あれは昭和38年の夏、別府から神戸まで上り観光便の”くれない丸”に父母と乗船したのだが、当時は”くれない丸”は僚船”むらさき丸”と共に、瀬戸内の女王と呼ばれ、新婚旅行のゴールデンコースであった別府ー阪神航路観光船の乗船券はプラチナ・チケットものだったのである。そんな人気の客船に乗れるという事で、乗り物が大好きな子供だった私は、興奮して船内では良く寝つけなかった思い出がある。
神戸に住んでいた頃には、夏休みには夕涼みがてら中突堤に良くフネを見に行った。当時は新幹線もなく飛行機やフェリーも一般的でない時代、神戸中突堤に夕刻佇んでいると、四国や淡路島連絡の大小のフネが、つぎつぎと発着を繰り返すのを見られた。そんな中、四国連絡の水中翼船に続いて、大阪から高松へ向かう加藤汽船の客船”ぐれいす””はぴねす”が優雅な白い船体をみせてくれると、いよいよ圧巻が大阪・天保山から別府へ向かう関西汽船の観光便の入港だった。”くれない丸””むらさき丸”その後に就航した”すみれ丸””こはく丸”など3000トンの客船がたそがれの神戸港・中突堤に姿を見せると、客船乗り場一帯がにわかに華やかになったものだった。
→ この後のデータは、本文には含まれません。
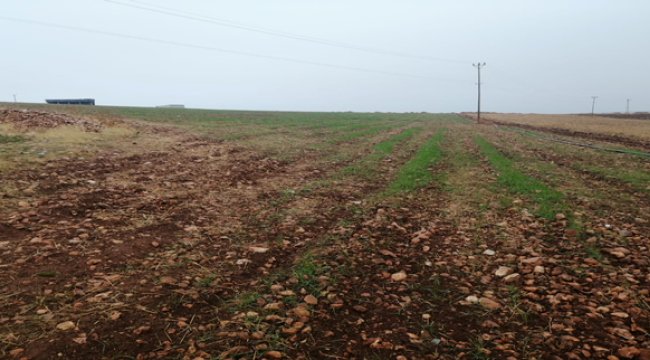 Kar yağışı Şanlıurfa çiftçinin yüzünü güldürdü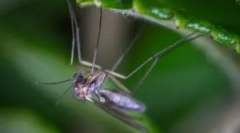 Видови комарци и живеалишта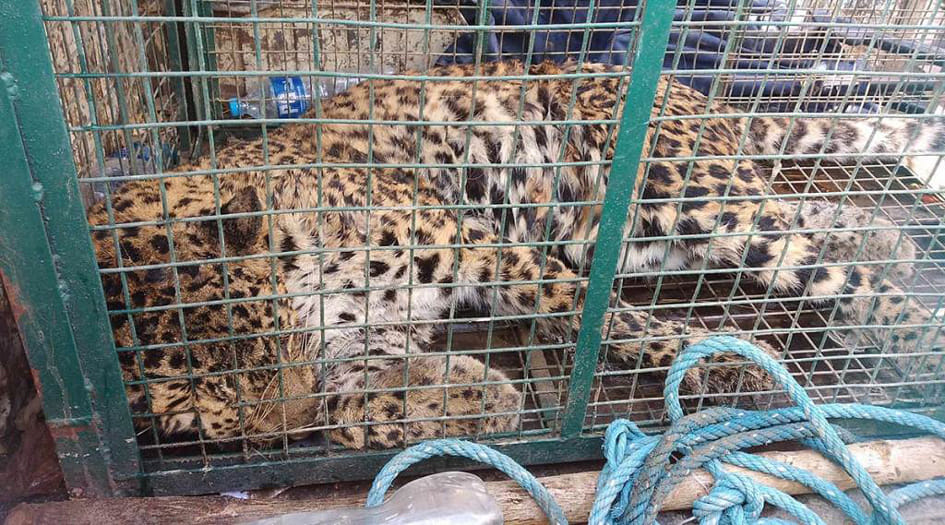 Guldar trapped in a fence set up for wild boar
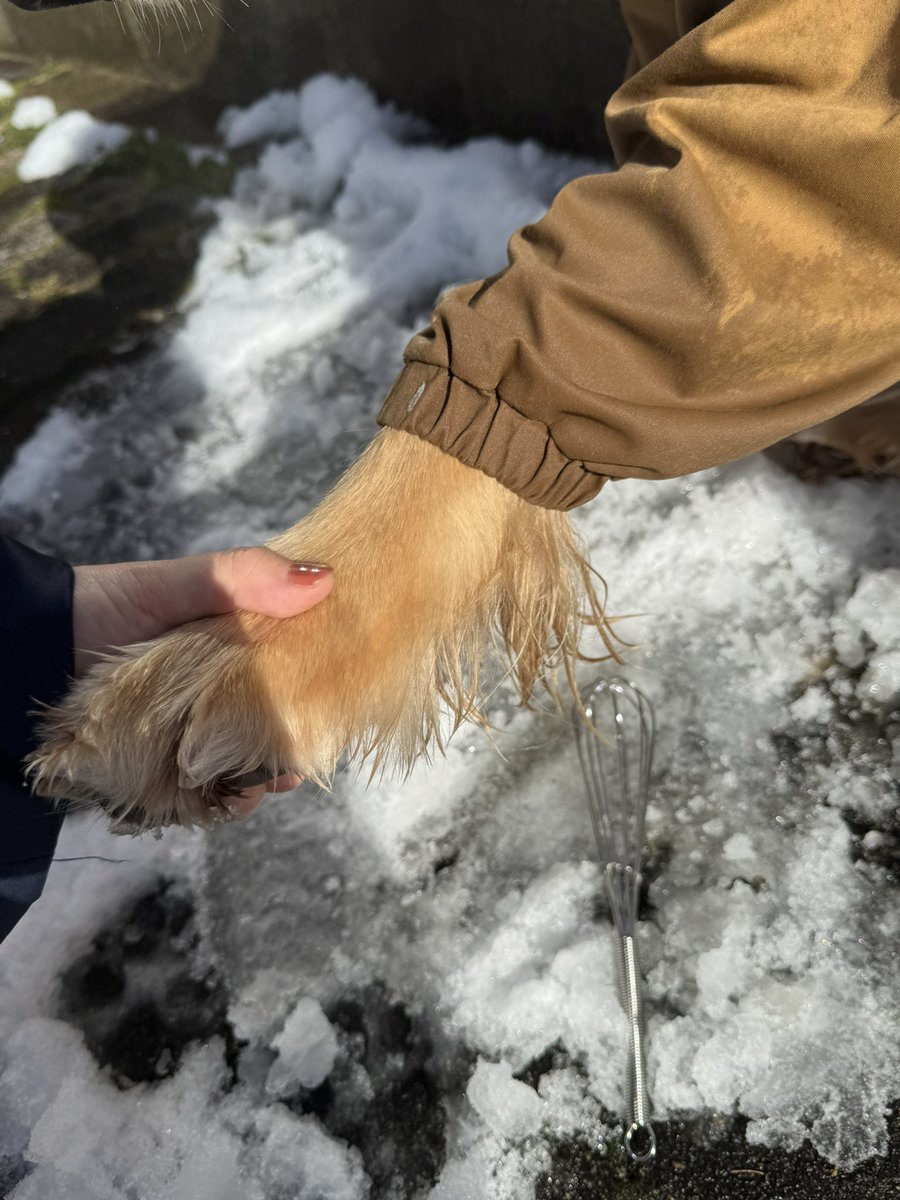 al_glan's tweet photo. 雪遊びのたびに巨大雪玉を生成する長毛犬飼いのためのライフハック⛄️
調べたら”お湯で溶かす”とかでてくるけど絶対こっちの方がとれるので騙されたと思ってやってみてほしい、もう泡立て器なしで冬は越せない🧑🏻‍🍳 https://t.co/wOxVfasqp8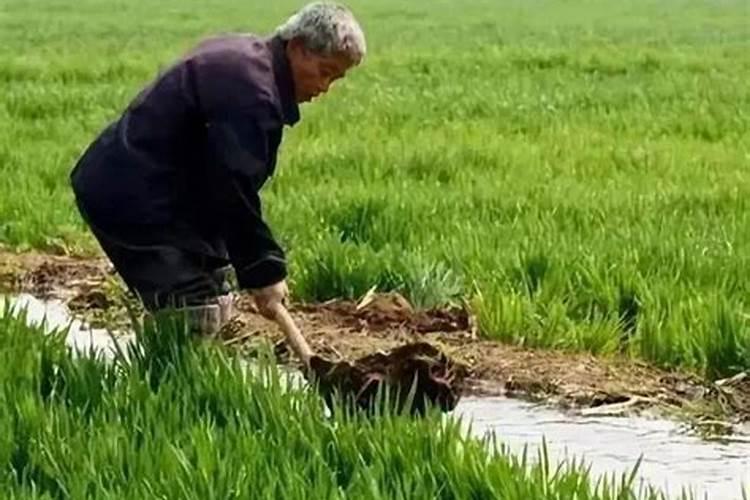 立夏浇小麦注意事项及防治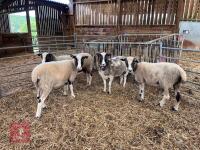 4 LAVENDER JACOB X EWES - BIDS PER LIFE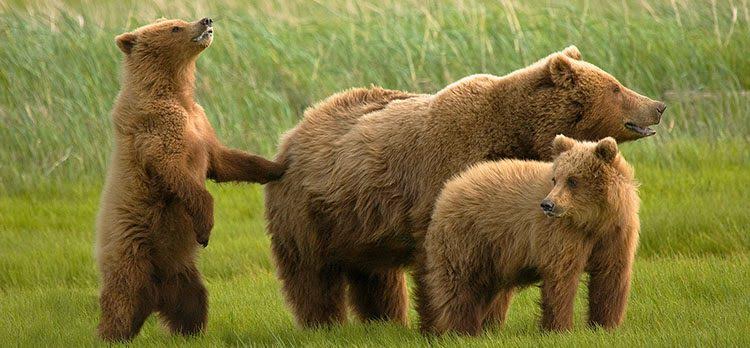 El análisis de unos huellos hallados en una cueva revela que el oso pardo habitó Almería en el Pleistoceno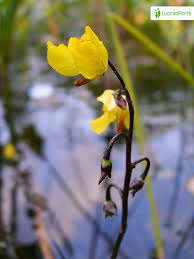 Attēlu rezultāti vaicājumam “Utricularia vulgaris flower”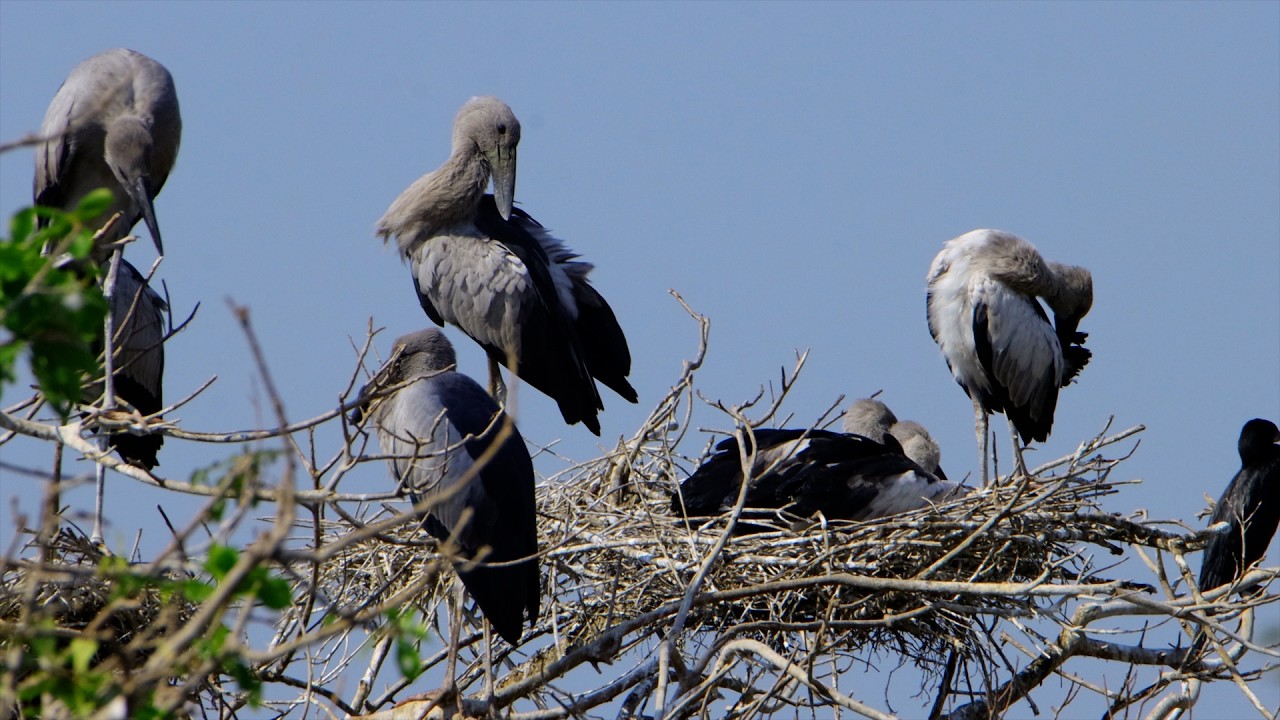 Freedom Of Bird Life Live In The Beautiful Forest and Peaceful Place  0066#birdhome #birdshelter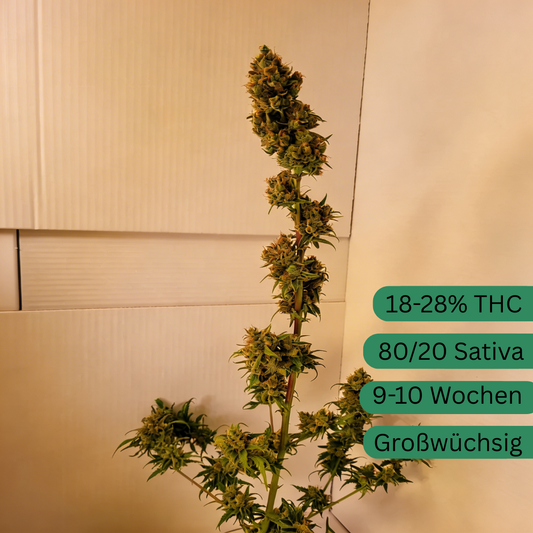 Esquejes de cáñamo de un accidente de tren [TW]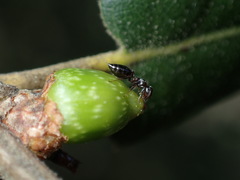 Callirhytis carmelensis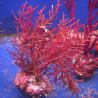 Gorgone Menella (Rouge à polypes blancs)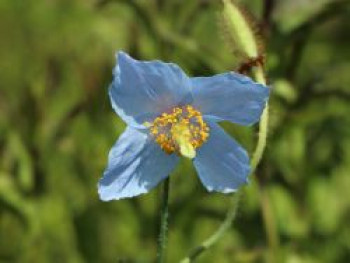 Tibet Scheinmohn, Meconopsis betonicifolia, Topfware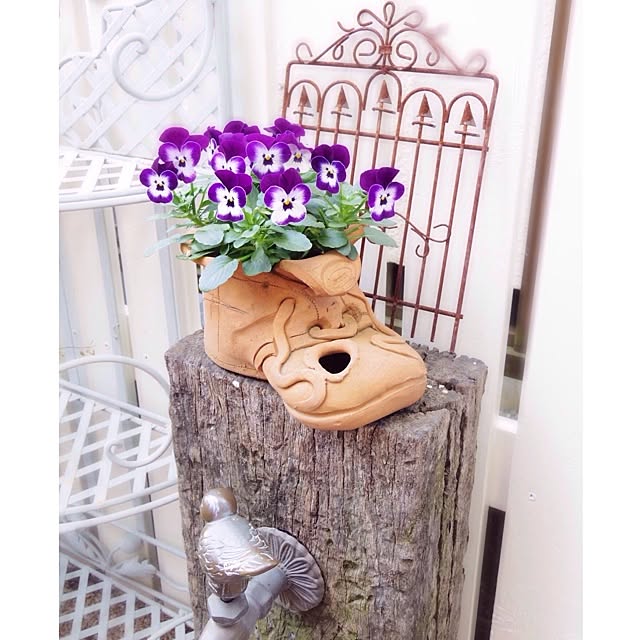 mooさんの実例写真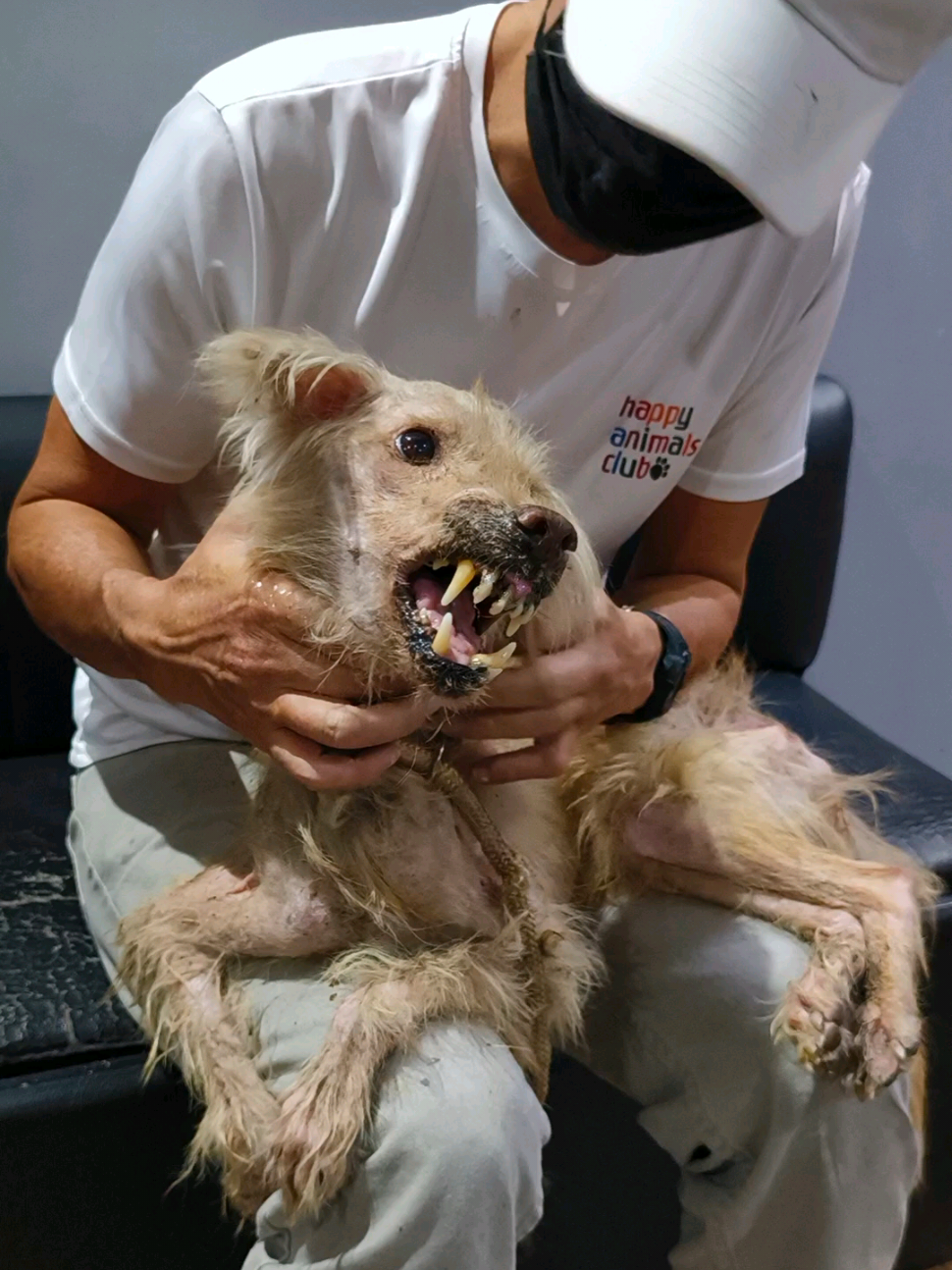 We rescued a dog and named him Giant. Gcash 09944840261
そんな女王の一隻に47年ぶりのご対面、よく”生きブネ”のまま健在だったなあと感慨もひとしおである。船内アコモデーションはすっかり変わっていて、かつての1・2等ダイニングは中華レストランに、サロンや一等船室が並んでいた場所はバイキング会場になっている。往年のうぐいす色の船体は真っ白に塗られて当時の面影はまったくないが、内部は改装されて姥桜の厚化粧という感じでもない。約2時間の飲み放題つき中華料理を楽しんだ以上に、50年経っても色あせないその優雅な船体デザインに魅了された夜だった。